However, when the receiver's secure collaboration apps is able to decrypt the encrypted communication key with the derived key-encrypting key, the process proceeds to block 860, where the receiver's secure collaboration app decrypts the encrypted communication key to obtain a decrypted communication key. In block 870, the decrypted communication key is used to decrypt the communication. Finally, the decrypted communication is provided to the one or more receivers in block 880.

FIG. 9 illustrates an exemplary interface 900 for exchanging cryptographic communications and securely transferring files. The interface 900 includes user information field 905, which displays user information including the user's name, their username, and an avatar that is displayed to other users. As shown in FIG. 9, interface 900 belongs to Alice Adams. Additionally, the interface 900 includes a room identification field 910 and a message identifier field 915. The room identification field 910 and a message identifier field 915 may indicate the secure chat rooms the user is participating in and the open one-to-one communications the user has open, respectively.

FIG. 9 illustrates that Alice Adams is participating in a secure chat room. This is reflected by the highlighted field (e.g. “Grifted Gobstopper”) under the room identification field 910. Additionally, a header 930 shows general information about the communication that the user is participating in. For example, the header 930 may include the name of the secure chat room or one-to-one communication, a TTL for all communications, the members of the secure chat room, and a search field.
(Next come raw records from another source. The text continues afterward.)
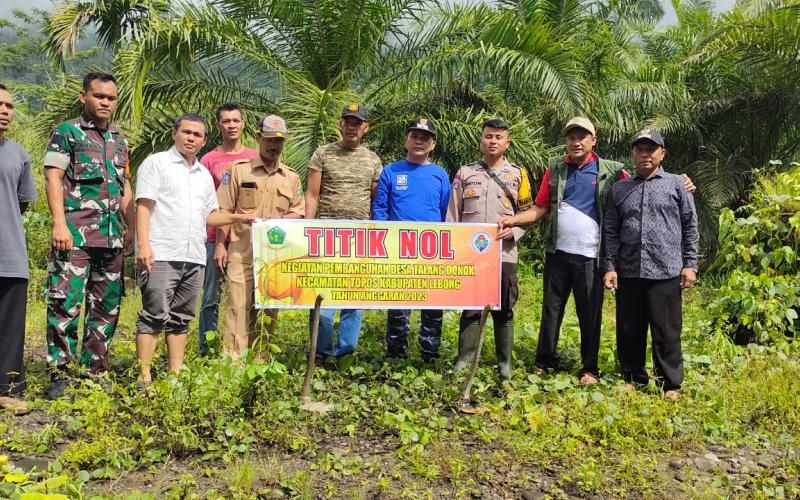 Bhabinkamtibmas Polsek Rimbo Pengadang Hadiri Pemasangan Titik Nol Pembangunan JUTdi Desa Talang Donok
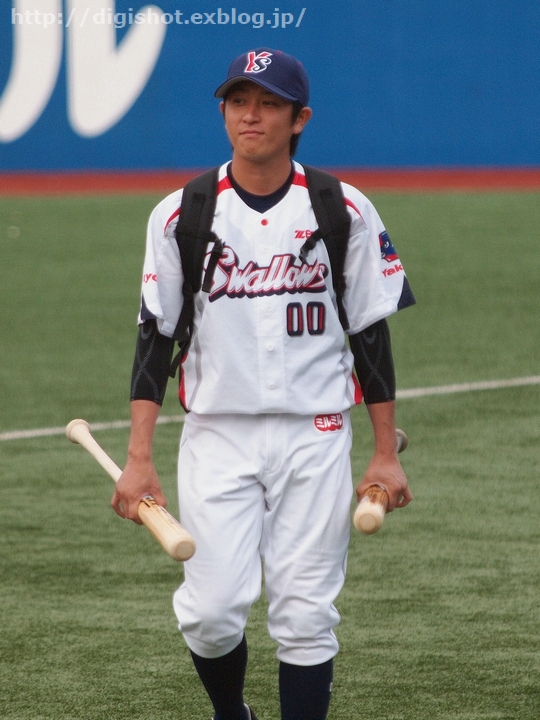 川島慶三選手フォト@神宮(8/31~9/4)_e0222575_1293396.jpg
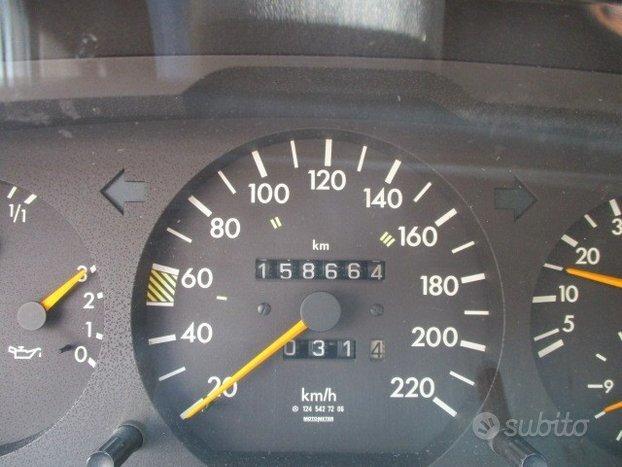 Mercedes 200 E BENZINA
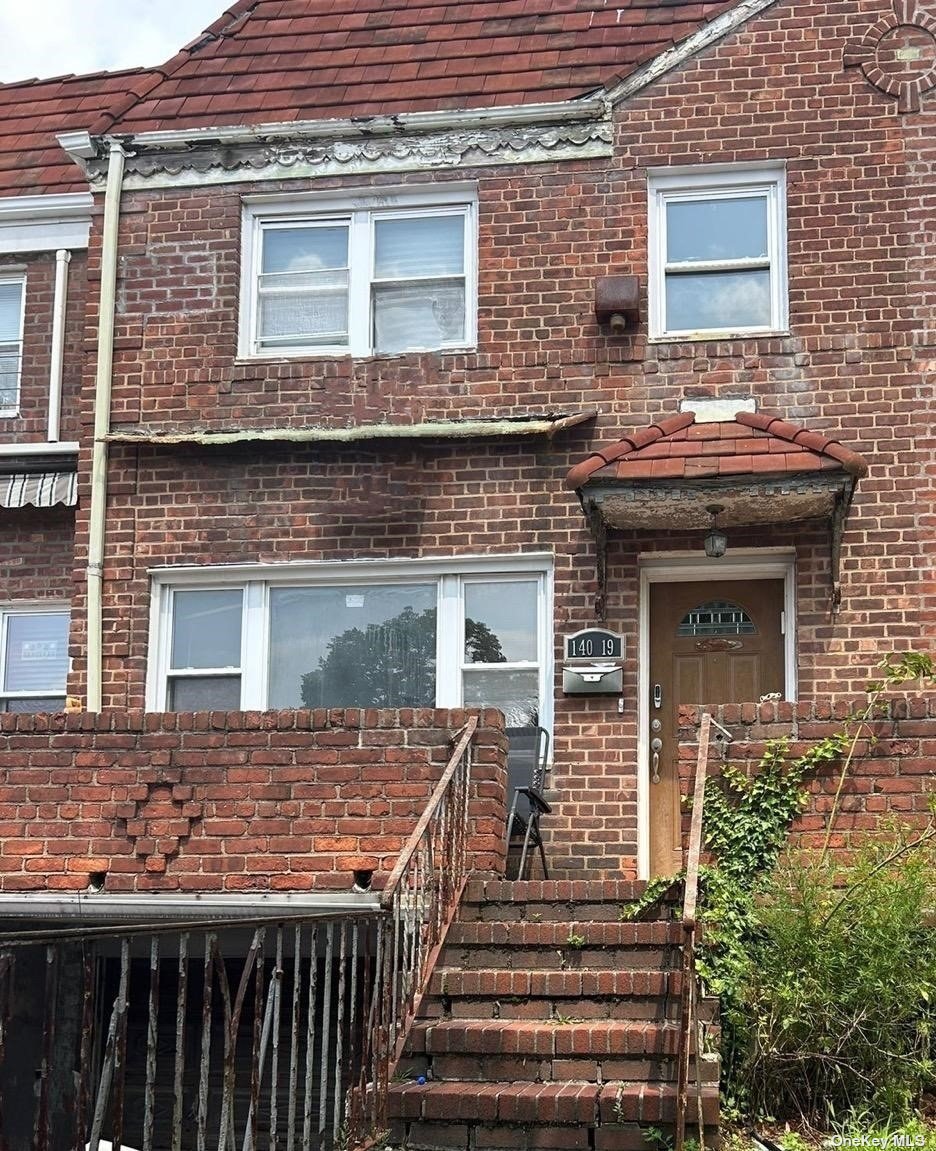 Property for Sale at 14019 68th Drive, Kew Garden Hills, Queens, NY - Bedrooms: 3 
Bathrooms: 2 
Rooms: 7  - $740,000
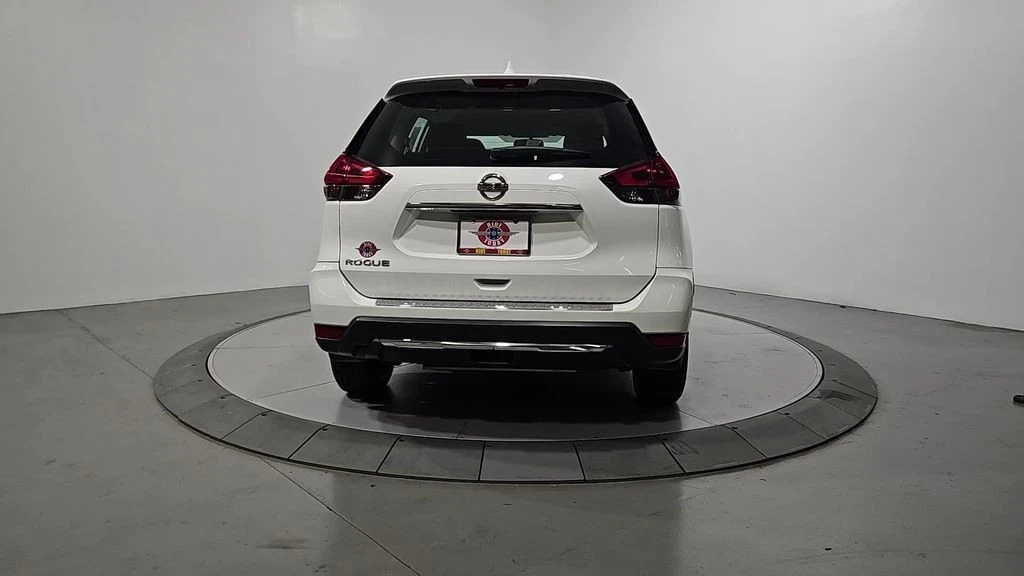 2018 Nissan Rogue - Image 4 of 12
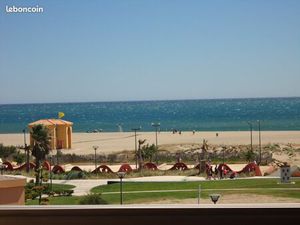 Vend grand studio face mer Port Leucate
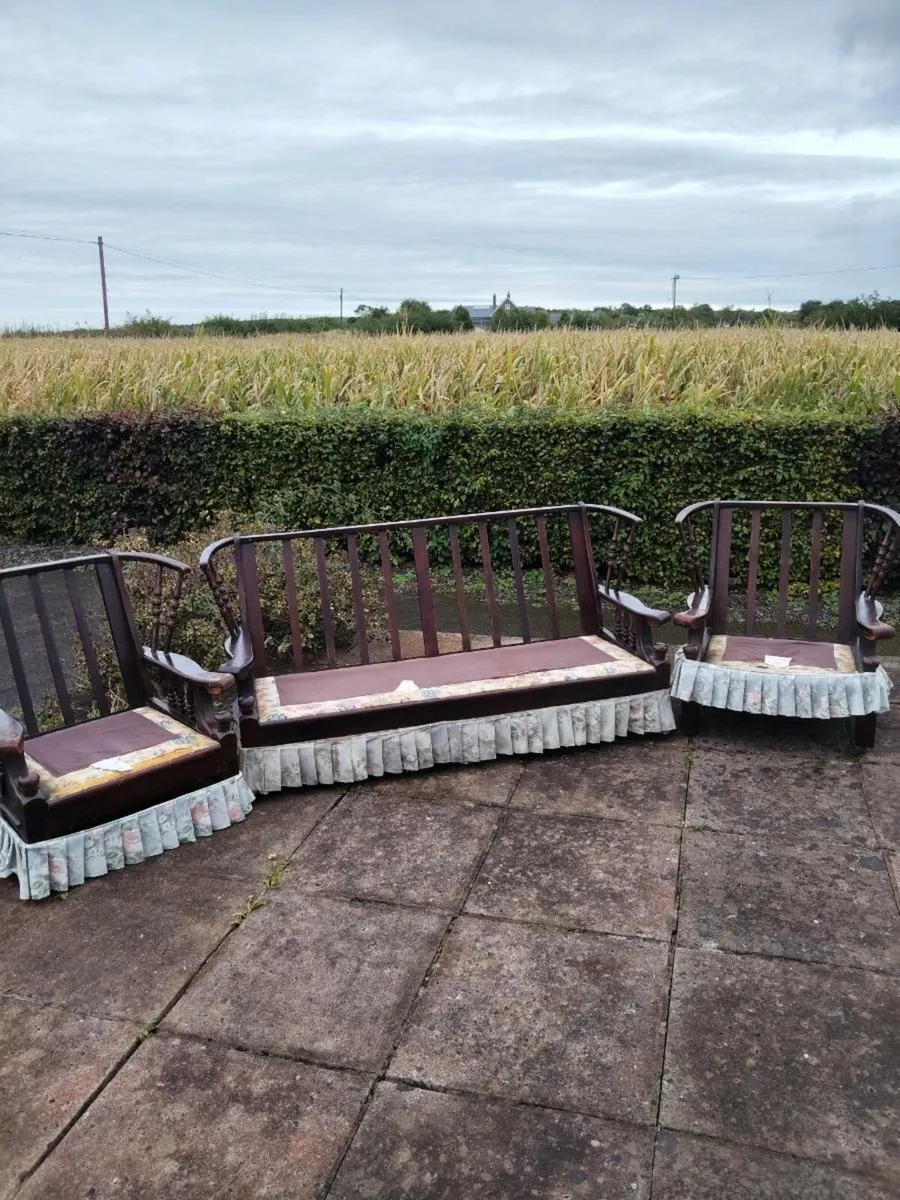 3-piece Cottage Suite - Image 1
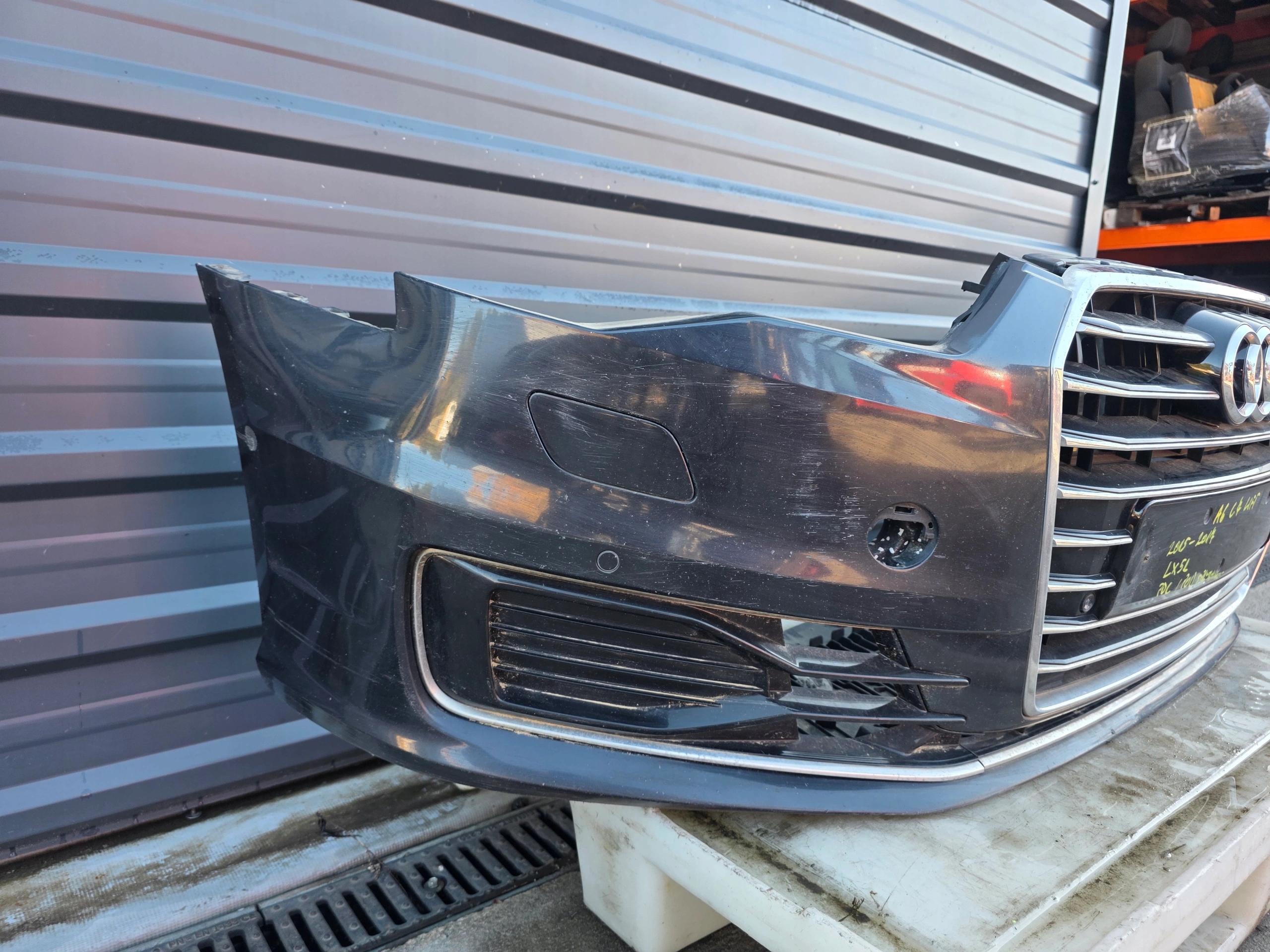 bumper front complete AUDI A6 C7 LIFT washers 4 X PDC LX5R original !!!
Below the header, a conversation field 940 is shown. The conversation field 940 may include the communications, including messages, shared images, videos, voice recordings, etc., exchanged between users. Below the conversation field is a user input field 945. The user input field 945 allows a user to enter text and send the text to other communicants. Additionally, the user input field 945 may include an upload button, which allows clients to share content in a secure manner. In operation, the conversation field 940 displays a banner 950 identifying that the following communication constitutes sensitive information and may not be accessible to all members of the secure chat room. While a banner is illustrated in FIG. 9, a different type of notification, such as highlighting or displaying the content in a different color, may displayed to alert the one or more receivers of the communication's limited audience.

Although the foregoing embodiments have been described in some detail for purposes of clarity of understanding, the present disclosure is not limited to the details provided. There are many alternative ways of implementing the present disclosure. The disclosed embodiments are illustrative and not restrictive.

Claims

1. A method comprising:

composing, at a sending device, a first communication addressed to one or more receivers;

generating, at the sending device, a first communication key;

encrypting, at the sending device, the first communication using the first communication key;

generating, at the sending device, at least one key-encrypting key for each of the at least one receivers, wherein the at least one key-encrypting key is derived according to a key agreement protocol using ephemeral information from the sender and a third party server;

encrypting, at the sending device, the first communication key with the at least one key-encrypting key;

encrypting, at the sending device, the encrypted first communication key with a device key associated with a first receiver to produce a twice-encrypted communication key;

encapsulating, at the sending device, the encrypted first communication and the twice-encrypted first communication key in a secure communication container; and

transmitting, by the sending device, the secure communication container to the one or more receivers.

2. The method of claim 1, wherein the ephemeral information received from the third party server is based on a permission level assigned to the first communication.

3. The method of claim 2, wherein the permission level is assigned to the first communication by the sending device.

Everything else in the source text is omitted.